Olympic swimmer, 1936. Olympic water polo player, 1952. International cycling administrator. Member of International Olympic Committee (IOC). And above all else, as Fifa president, the father of modern football.
It was a damning indictment of Fifa that when former president Joćo Havelange was accused of corruption last week, the reaction was anything but shock. Havelange and his son-in-law Ricardo Teixeira, the former Brazilian Football Federation president, were accused of receiving millions of dollars in kickbacks from International Sports and Leisure, which they helped to set up in 1982.
To understand the gravity of Havelange's fall from grace, it is first important to appreciate his unparalleled impact on the world of football.
When the Brazilian won the Fifa presidency in 1974, few could have imagined the seismic commercial shift that international football was about to experience.
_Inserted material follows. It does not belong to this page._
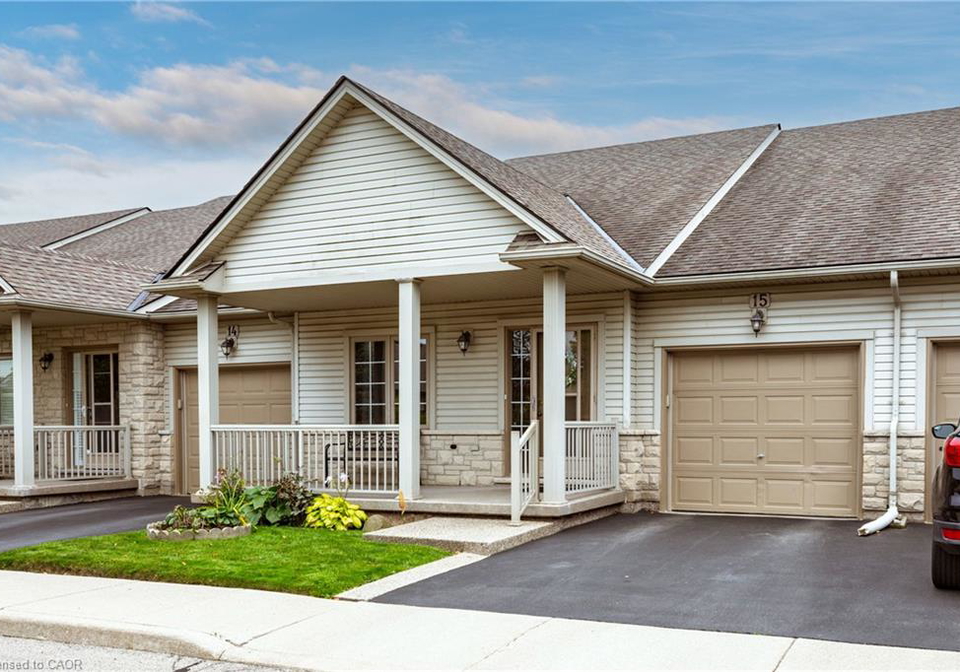 130-southbrook-drive-binbrook-ontario-40865391
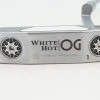 Odyssey White Hot Og Stroke Lab One 35" Putter Good Rh 1042369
By enlisting the help of Adi Dassler, the founder of Adidas, Havelange was able to fund his Fifa vision, creating a model that all sporting organisations would follow. There is a reason why you only drink one brand of fizzy drink, eat only one type of French fries and use one particular credit card at World Cups and Olympic Games. Joćo Havelange, take a bow.
Within two decades, Fifa became an unstoppable beast, controlling every aspect of the Beautiful Game, advancing youth and women's football and turning the World Cup into the most popular global event. And when it was time for Mr Havelange to step down in 1998, he threw his weight behind one of his cronies, Sepp Blatter of Switzerland, in his successful bid to take over the Fifa presidency.
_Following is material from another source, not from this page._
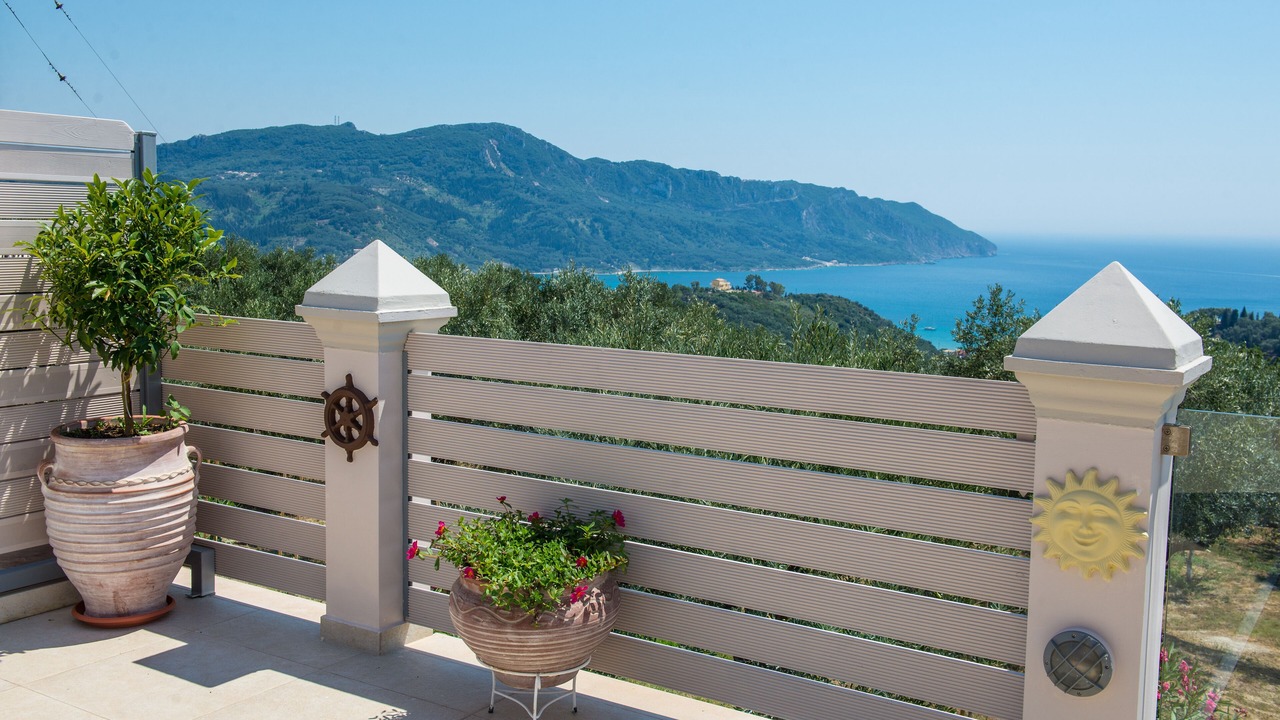 Photo of Outdoor in Kavvadades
In light of over a decade of scandals at Fifa, it is impossible to view Havelange's corruption charges in isolation to his successor's reign.
Last week, Mr Blatter, perhaps sensing that Havelange - like Asian Football Confederation president Mohamed bin Hammam before him - had become toxically tainted with corruption, called for Fifa to remove his honorary presidency. In May, Mr Blatter had led a standing ovation for the 96-year-old at a Fifa event in Budapest. Once a Havelange man, Mr Blatter now stands as his executioner.
By the weekend, perhaps expecting yet more bad publicity from Europe, Mr Blatter got his digs in first, casting doubt on the legitimacy of Germany's nomination as hosts of the 2006 World Cup. The accusation incensed the bid's president, Franz Beckenbauer, and the current president of the German Football Association, Reinhard Rauball, who called for Mr Blatter to step down as Fifa's chief. But what doesn't kill Sepp only makes him stronger. "It is nothing new that people want rid of me," he said "Sometimes it is the British media, then the American and then the German."
The Fifa circus shows no signs of slowing down. Yesterday, as part of his anti-corruption reforms, Mr Blatter, who may or may not have been wearing oversized shoes and a red nose, convened Fifa's executive committee to investigate the awards of the 2018 and 2022 World Cups to Russia and Qatar respectively. As ever, legally, Fifa remains accountable only to itself.
But what will Havelange's legacy be? Perhaps it's best summed up by Rob Smyth and Georgina Turner in their book Jumpers for Goalposts: How Football Sold its Soul.
"Saying no to the inevitable kickbacks that come with power requires humility and even a faintly noble sense of purpose," they write. "On the whole, it seems those in charge of football are a bit like those in charge of politics: kidding themselves that they're doing this for the game, when really the game is doing it for them."
Havelange's reputation is, rightly, in tatters. Mr Blatter, on the other hand, remains untouchable. But the days of unaccountable dictators are fading. Today, the old chief finds himself, belatedly, beyond redemption. The day when Fifa itself is in the same position cannot be far away.